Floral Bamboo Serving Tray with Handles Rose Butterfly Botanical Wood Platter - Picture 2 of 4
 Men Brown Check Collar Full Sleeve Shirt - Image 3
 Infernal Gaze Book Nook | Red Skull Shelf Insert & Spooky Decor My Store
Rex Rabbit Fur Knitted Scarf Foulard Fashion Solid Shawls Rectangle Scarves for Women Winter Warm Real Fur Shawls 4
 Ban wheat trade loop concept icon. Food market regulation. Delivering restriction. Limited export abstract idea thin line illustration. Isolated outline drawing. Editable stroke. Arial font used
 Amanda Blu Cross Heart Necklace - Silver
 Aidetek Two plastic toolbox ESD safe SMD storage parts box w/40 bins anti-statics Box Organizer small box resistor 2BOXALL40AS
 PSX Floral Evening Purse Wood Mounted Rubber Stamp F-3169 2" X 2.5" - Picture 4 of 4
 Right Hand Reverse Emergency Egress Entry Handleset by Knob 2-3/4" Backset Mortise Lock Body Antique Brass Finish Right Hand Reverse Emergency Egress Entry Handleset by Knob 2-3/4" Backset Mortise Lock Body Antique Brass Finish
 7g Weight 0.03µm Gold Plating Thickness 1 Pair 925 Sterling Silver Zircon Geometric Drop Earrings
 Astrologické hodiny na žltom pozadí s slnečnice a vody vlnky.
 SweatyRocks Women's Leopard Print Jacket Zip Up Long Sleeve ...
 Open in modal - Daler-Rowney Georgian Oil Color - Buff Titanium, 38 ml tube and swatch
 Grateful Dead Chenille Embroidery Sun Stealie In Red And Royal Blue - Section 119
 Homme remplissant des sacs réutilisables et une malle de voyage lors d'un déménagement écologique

Description of the task — Your answer should be every line from the material above in which the word "Silver" appears.

Result —
 Amanda Blu Cross Heart Necklace - Silver
 7g Weight 0.03µm Gold Plating Thickness 1 Pair 925 Sterling Silver Zircon Geometric Drop Earrings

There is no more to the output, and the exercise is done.